Mi abuela no descubrió la electricidad, pero casi. En mi casa, la instalación eléctrica es un caos y resulta verdaderamente milagroso que nadie haya muerto electrocutado al intentar enchufar cualquier aparato. Todo son empalmes a base de esparadrapo, resistencias quemadas y planchas con láminas de amianto plateadas como lomos de sardinas.
Se funden los plomos por segunda vez en esta noche todavía fría, de primavera.
-¿Se puede saber qué habéis enchufado?
A medida que voy acercándome a la cocina, el olor a baquelita quemada se hace más intenso.
-Toma: pela este cable, a ver si consigues sacar unos hilos para arreglar los plomos.
-¿Cuántos quieres, abuela?
-Vamos a meterle un manojo gordo, así aguantará más.
-Abuela: dice el tío Miguel que parecemos una sucursal de la “Vasco-Alavesa” y que cualquier día vamos a tener una desgracia.
Entonces ella me larga una retahíla sobre electricidad negativa, positiva, los filamentos y qué sé yo cuántas cosas más.

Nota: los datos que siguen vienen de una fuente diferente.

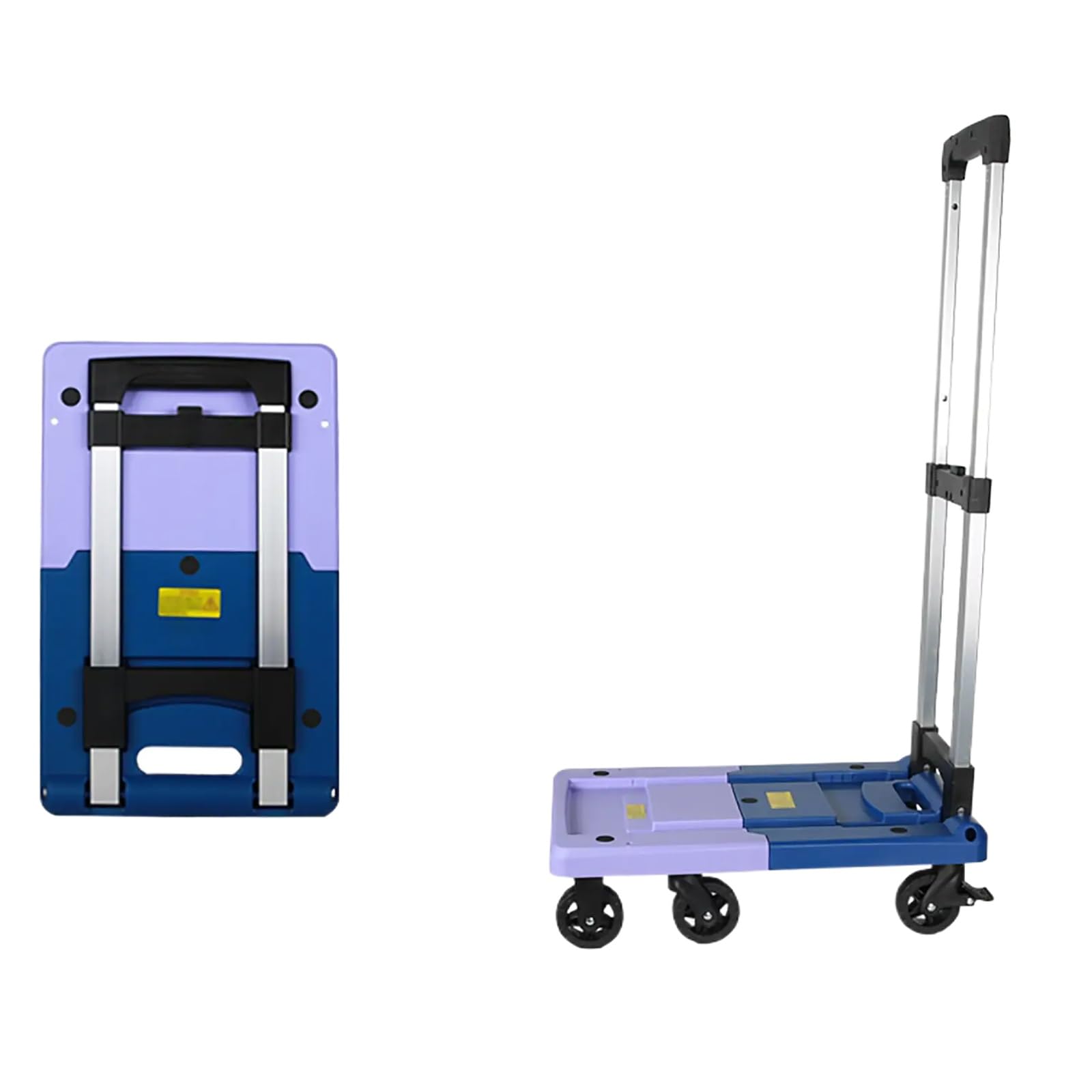 LKLNKVL Handcart, With 6 TPR Wheels, Load Capacity 250kg/550lbs, Suitable for Airport/Home/Garden/Supermarket(Purple,Large)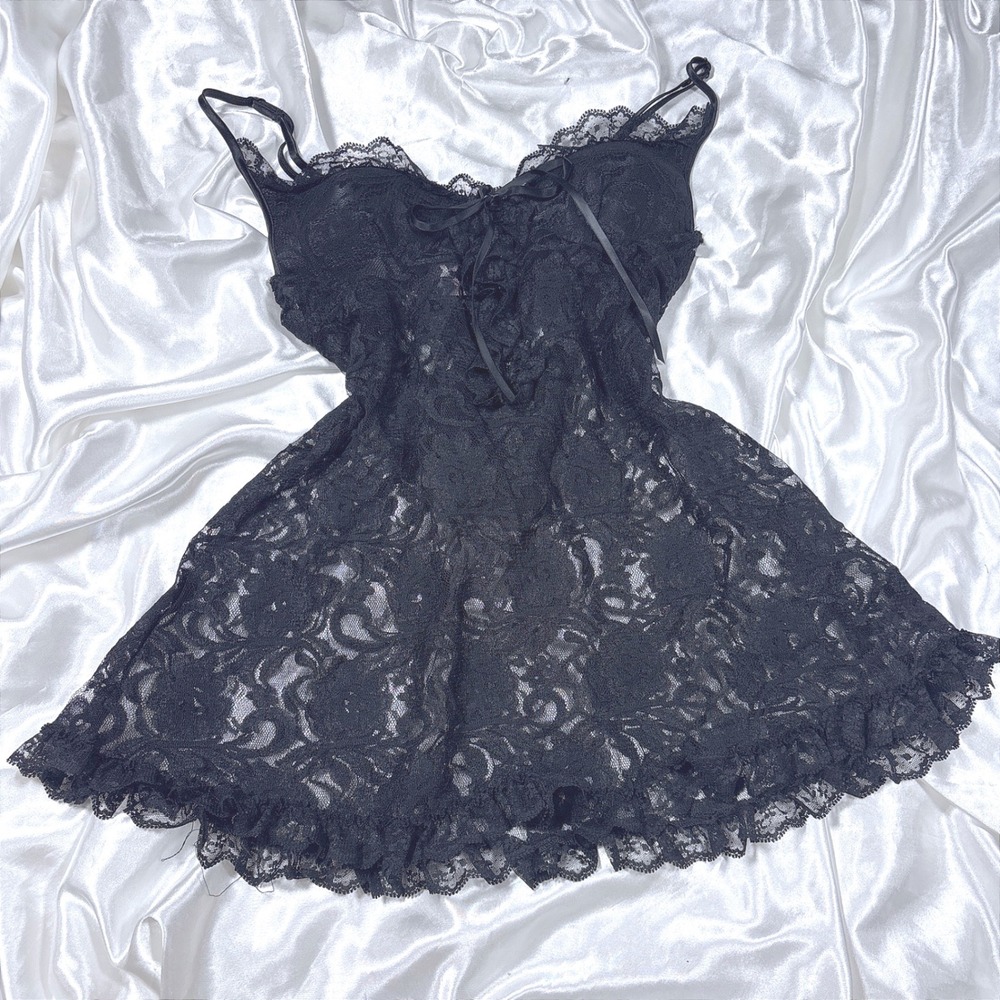 y2k Enchanting Babydoll Black Excellent Sheer Floral Lace Ruffle Chemise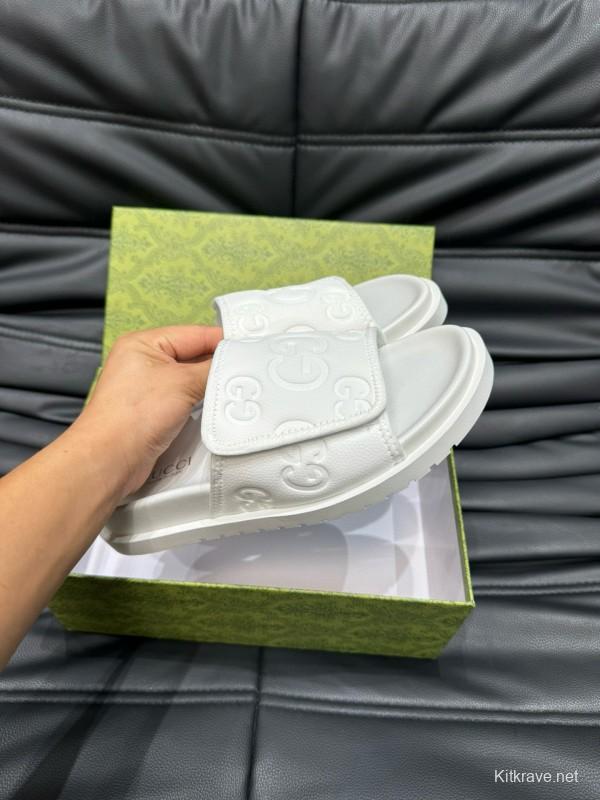 2024 Slippers Gucci White Leather Slippers MJ00200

Conviene cortarla rápido cambiando de tema.
-Abuela: ¿Tú crees que llegarán a la luna los americanos?
-Hija; lo importante no es saber si van a llegar, sino para qué quieren llegar.
En momentos así, miro a mi abuela con respeto reverencial, como si dentro de ella viviera una mujer extraordinaria que asomara sólo en momentos mágicos como éste.